Now, just for fun, we’ll assign some utilities to the outcomes. What is a goat worth? According to a popular Passover song in Aramaic, a (small) goat is worth about 2 Zuz, and according to the traditional Jewish prenuptial document, a wife is worth about 200 Zuz. So, a goat is worth about 1/100th of a wife. I asked my roommate, Anna, how many cars she thought a wife was worth, and she determined that a wife was worth three cars. By transitivity, then, a car is worth about 33 goats. (I think goats have become quite a bit less valuable since that song was written, or maybe goats back then were a lot better than our goats.) So, if the player wins the game, he will walk away with a utility of 33, and the host will walk away with the 2 goats.
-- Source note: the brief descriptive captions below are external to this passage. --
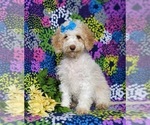 Small Photo #2 Goldendoodle (Miniature) Puppy For Sale in BIRD IN HAND, PA, USA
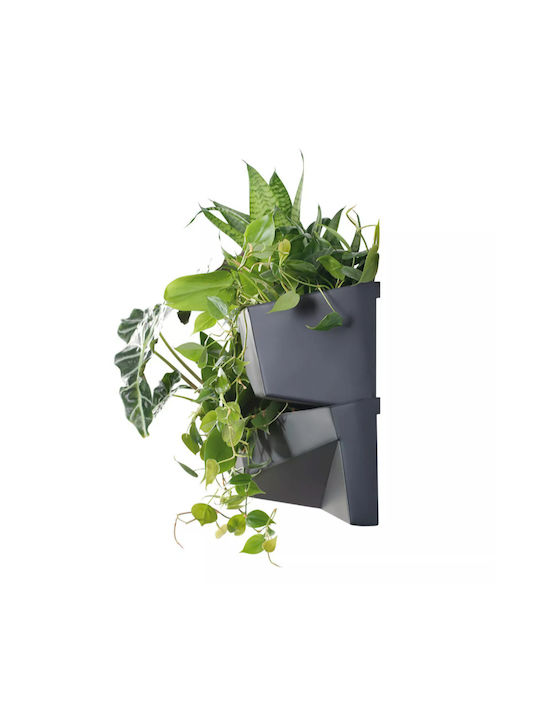 Σετ 2 Γλάστρες Πλαστικές Anthracite Gray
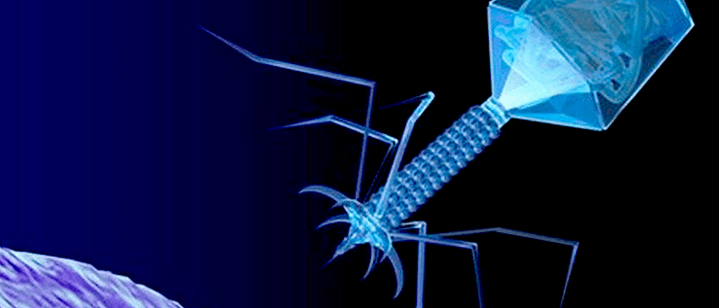 Фаги-оруженосцы на службе у бактерий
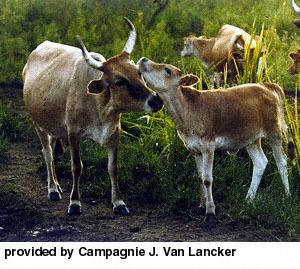 N'Dama Breeds of Livestock N39dama Cattle Breeds of Livestock
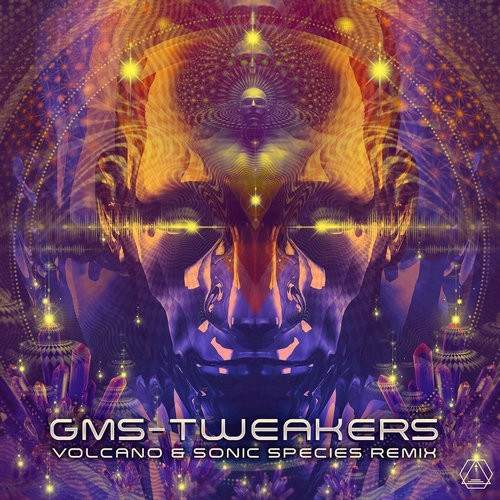 télécharger l'album GMS - Tweakers Volcano Sonic Species Remix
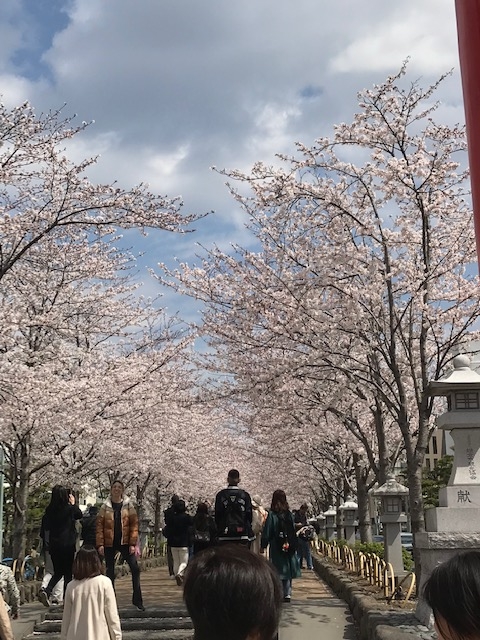横浜店あやかです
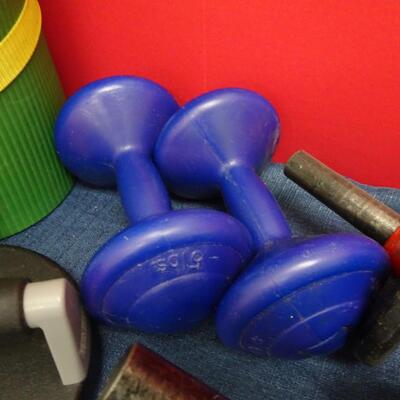 LOT 593. WEIGHTS AND EXERCISE GEAR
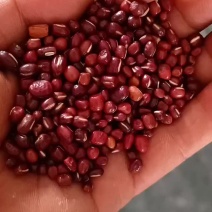 红小豆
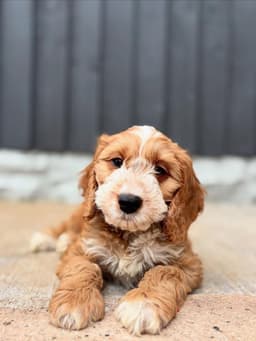Bella photo 1
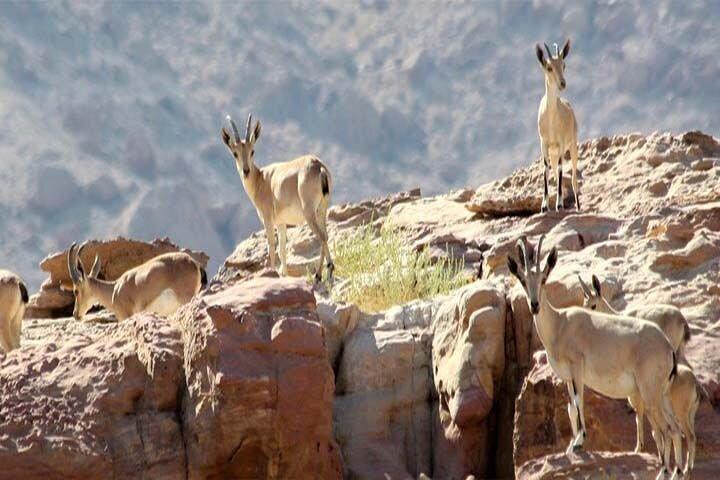 Experiencia de senderismo en Wadi Mujib Ibex Trail con Amman Tour y Panorama Dead Sea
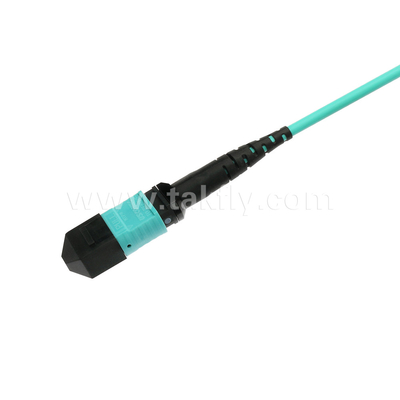 Elite Multimode OM3 50/125 Plenum OFNP Typ B MPO Patch Cord 30m 100ft MTP-12 PC Kobieta Do MTP-12 PC Kobieta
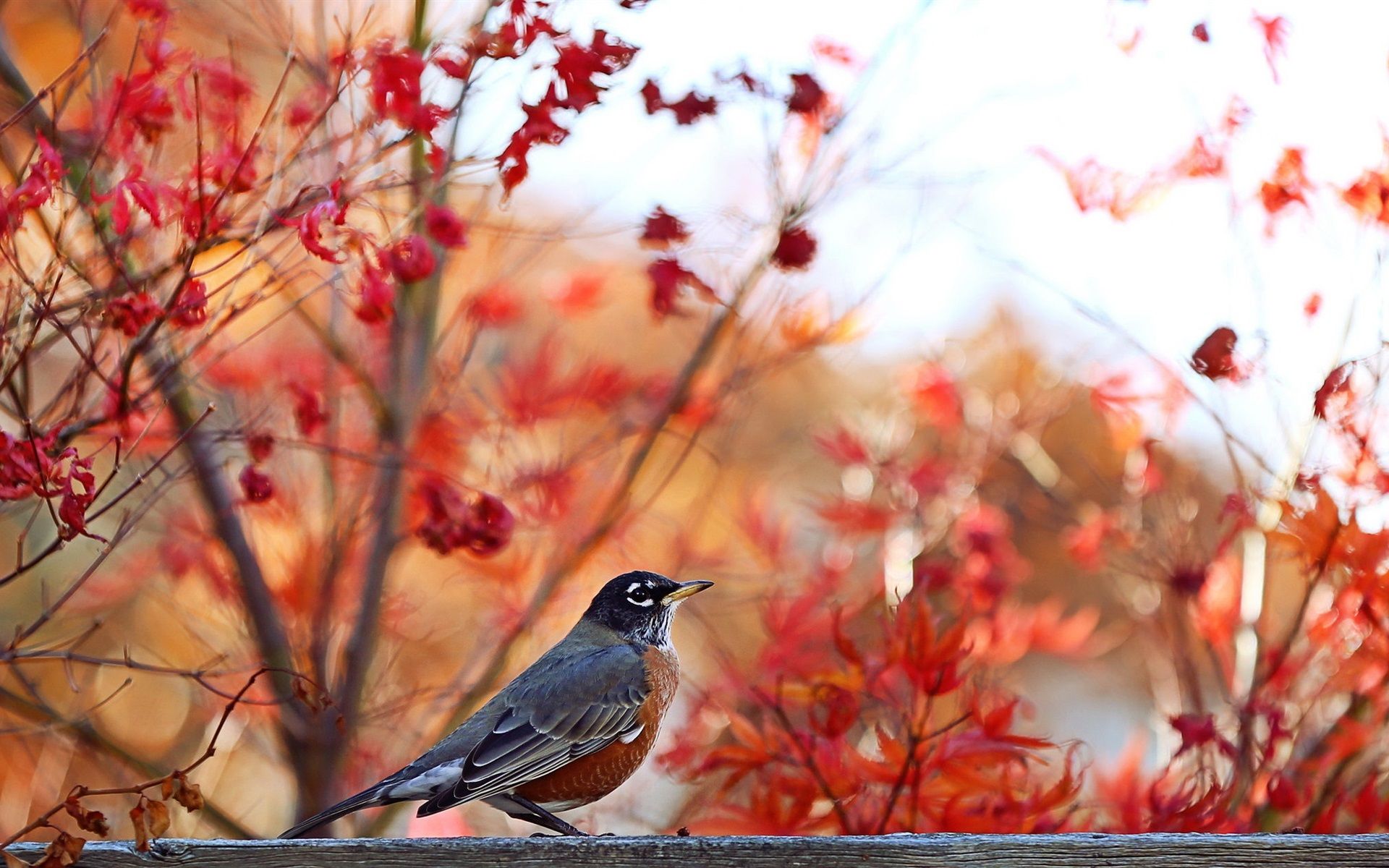 Wallpaper Autumn, trees background, bird 1920x1200 HD Picture, Image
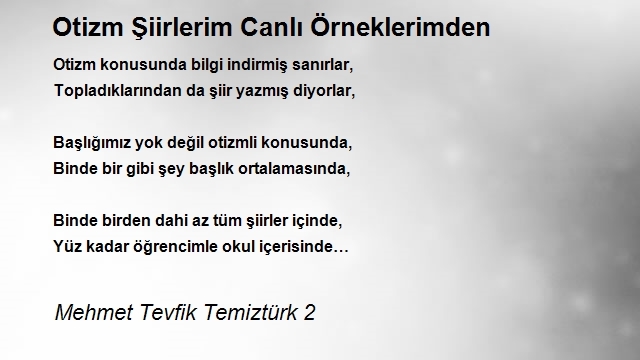 Mehmet Tevfik Temiztürk 2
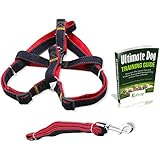 Olivery Dog Leash and Adjustable Harness Double Padded Solid Easy Stepin Fit Medium Dogs Free Dog Training Ebook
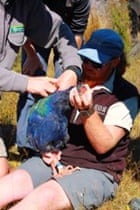 Conservationists turn tiny New Zealand island into bold wildlife experiment dfad16ac 43ce 4976 b130 828eb3d6d1d0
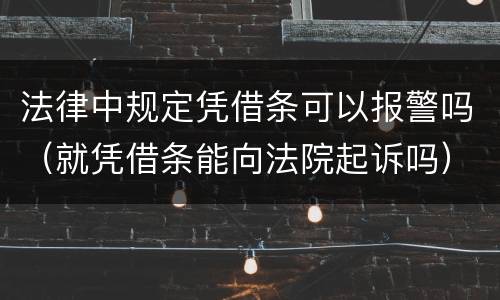 法律中规定凭借条可以报警吗（就凭借条能向法院起诉吗）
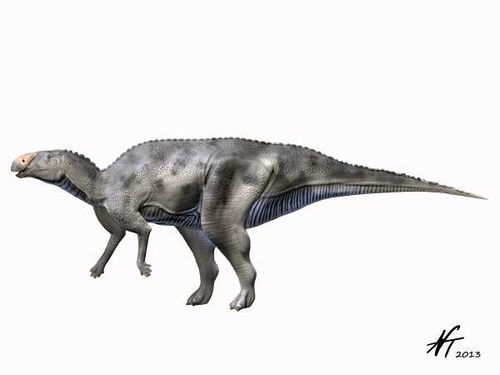 Hadrosaurus foulkii.jpg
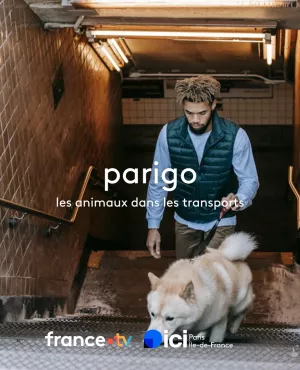 Les animaux dans transports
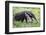Brazil, Pantanal, Mato Grosso Do Sul. the Giant Anteater or Ant Bear-Nigel Pavitt-Framed Photographic Print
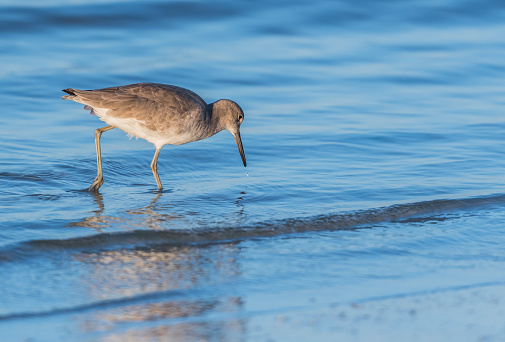 Willet Inspects the Water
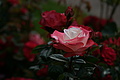 DSC02954 - Bernhard Saalfeld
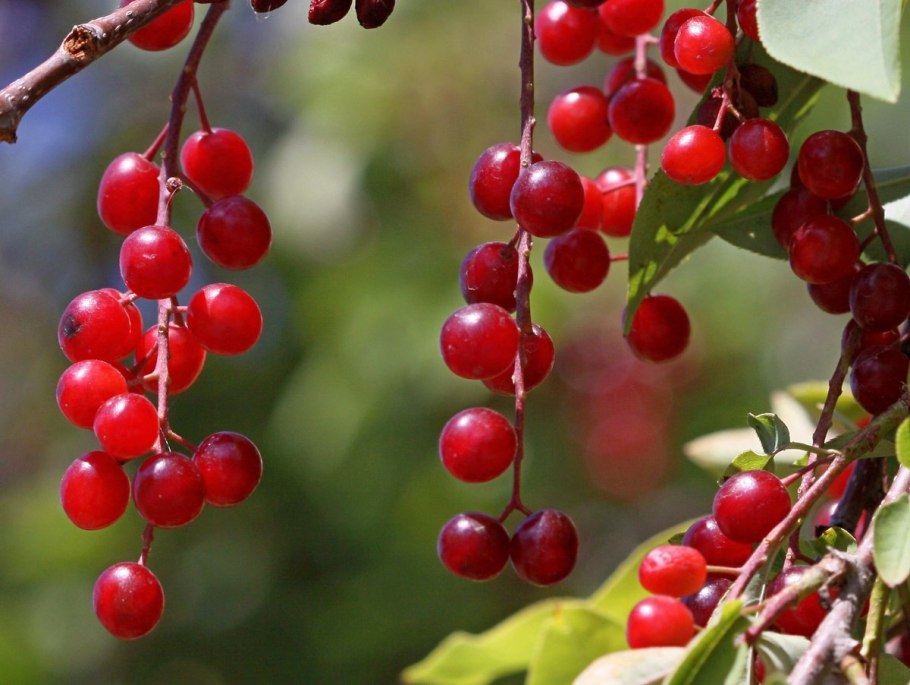 Ягоды черёмухи виргинская Шуберт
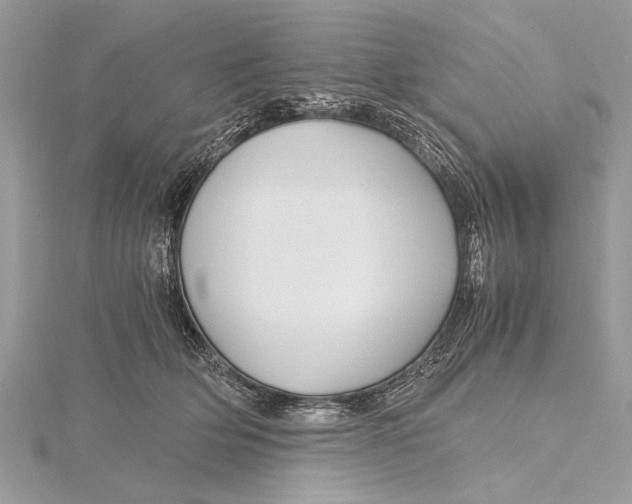 X0000115640514200912011504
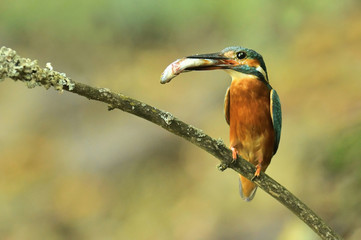 Kingfisher (Alcedo atthis)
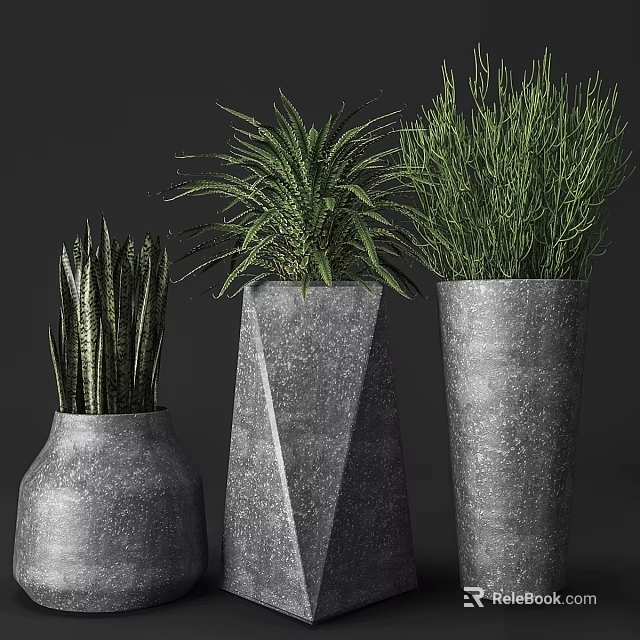 Garden Decor Featuring Various Shaped Textured Gray Pots With Assorted Green Plants 3d model 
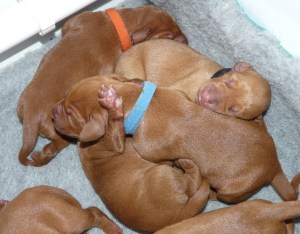 Random puppy pile-up.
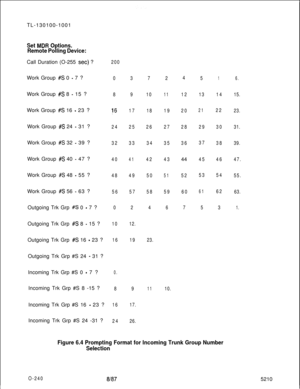 Page 244TL-130100-1001Set MDW Options.
Remote Polling Device:Call Duration (O-255 
set) ?
Work Group 
#S 0 - 7 ?
Work Group 
#S 8 - 15 ?
Work Group 
#S 16 - 23 ?
Work Group 
#S 24 - 31 ?
Work Group 
#S 32 - 39 ?
Work Group 
#S 40 - 47 ?
Work Group 
#S 48 - 55 ?
Work Group 
#S 56 - 63 ?
Outgoing Trk Grp 
#S 0 - 7 ?
Outgoing Trk Grp 
#S 8 - 15 ?
Outgoing Trk Grp 
#S 16 - 23 ?
Outgoing Trk Grp #S 24 
- 31 ?
Incoming Trk Grp #S 0 
- 7 ?
Incoming Trk Grp #S 8 -15 ?
Incoming Trk Grp #S 16 
- 23 ?
Incoming Trk Grp #S...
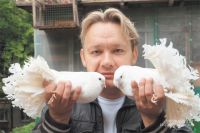 У Михаила Фирсакова живут несколько почтовых голубей. Он запускает их из разных районов Москвы, и они всегда находят дорогу домой, в своё родное Коньково.
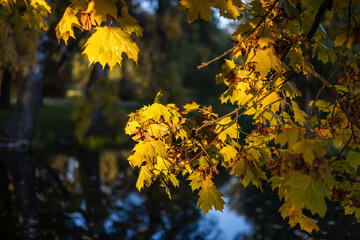 Sunlit branches with yellow-green leaves stretch over a calm, dark lake. Gentle reflections shimmer...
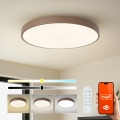 Brilagi - Dimmbare LED-Leuchte POOL SMART LED/100W/230V Ø 80 cm 3000-6000K Wi-Fi Tuya + Fernbedienung, braun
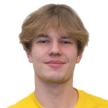 L Nokelainen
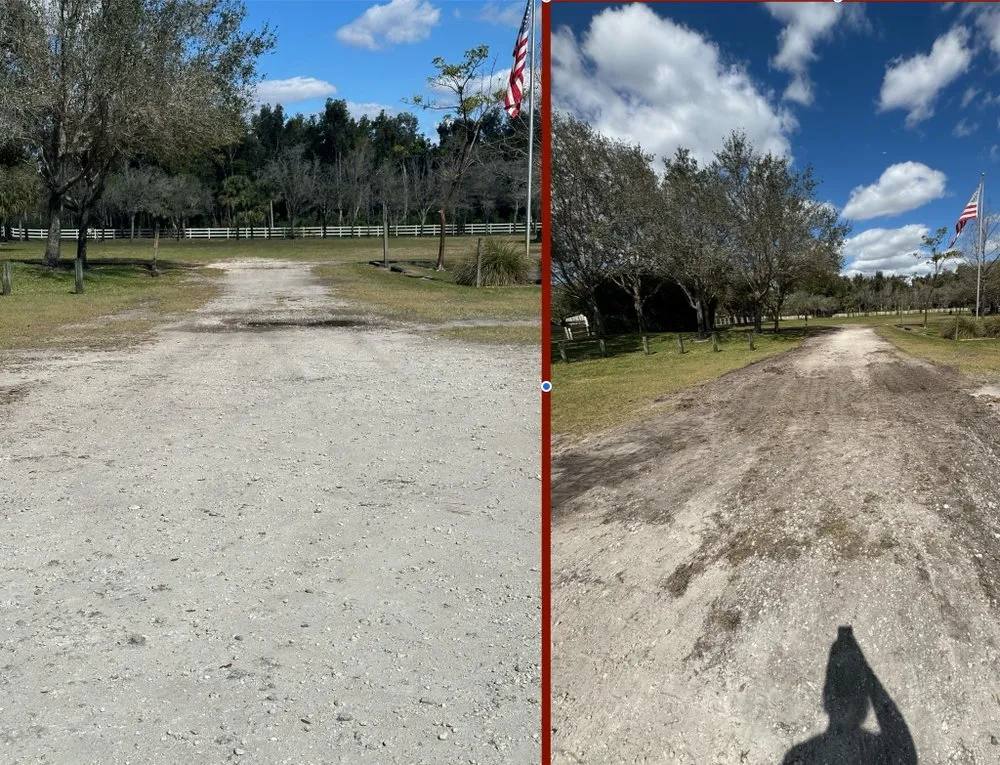 Affordable garden landscaping for homes in Hollywood, FL by Beast Junk Removal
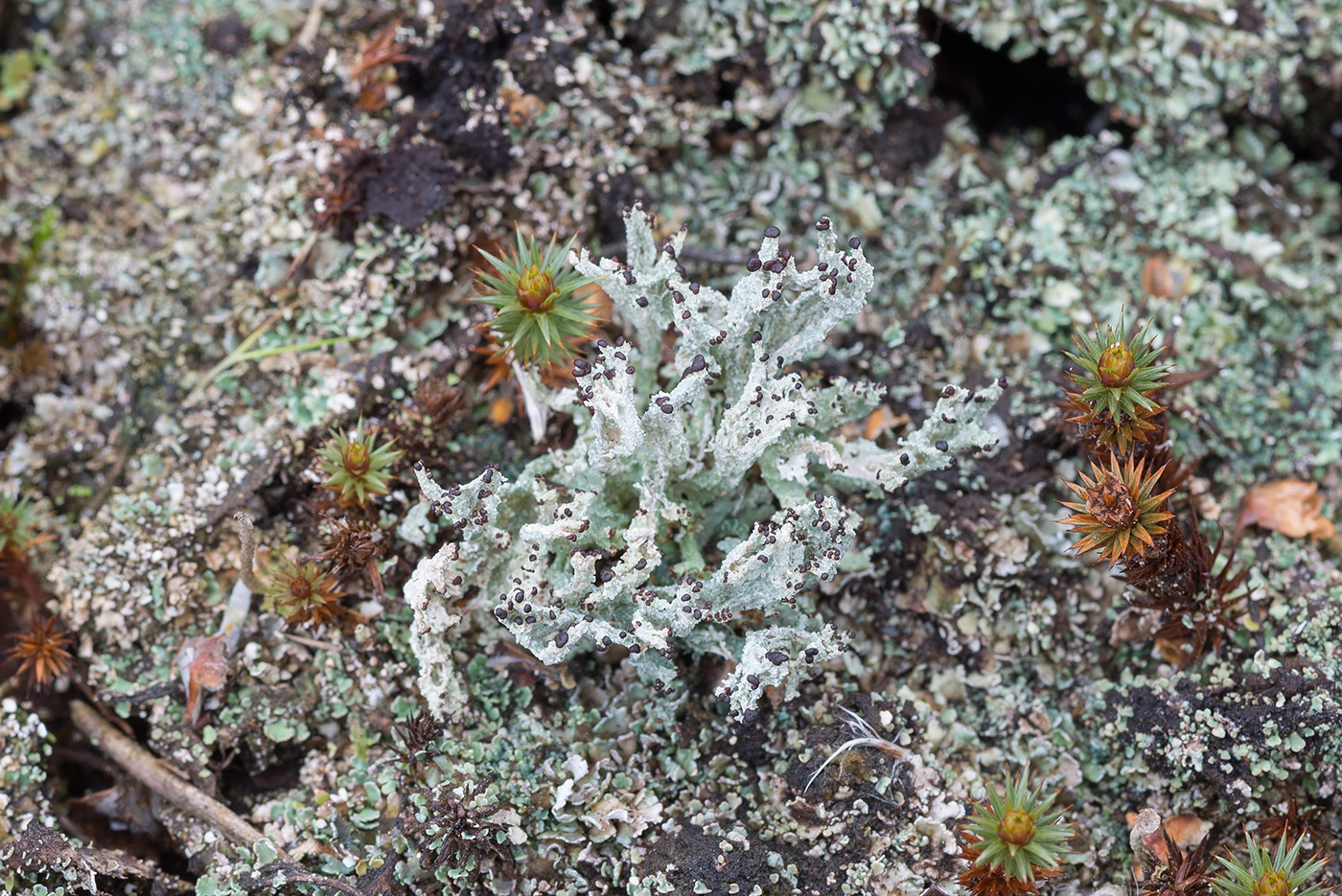 Image of Cladonia cariosa specimen.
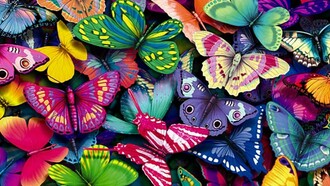 Variedades de mariposas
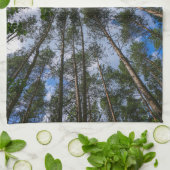 Naturlandschaft erforschen Waldbäume Geschirrtuch (Gefaltet)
In this game, the light gray branches are dominated because the host has no incentive to open the door that the player has already chosen, and the dark gray branches are dominated because, of the remaining two doors, the host would not open the door that has the car. We can tell that in the top branch, the host as 2 possible choices for doors to open, whereas in the lower two branches, the host is constrained to only one door (since, if the player has chosen a goat door, there is only one goat door left to open.)

So, since the player has no idea after the first stage what door has the car, we assume he picks door No.1 (as in the game). If he observes that the host opens door 3, he would know that there are two cases where the host opens door 2: in the world where the car is behind door 2, the host chooses door 3 100% of the time, and in the world where the car is behind door 1, the host chooses door 3 50% of the time. It’s actually twice as likely that we are on the 100% branch as that we are on the 50% branch – and that’s the branch where the car is hidden behind the other door.

What if we know that the host has opened a door, but we don’t know which one? Then, we can’t condition on a prior, because we don’t know what the prior is – we don’t get any new information by observing which door was opened, and switching doors would not help.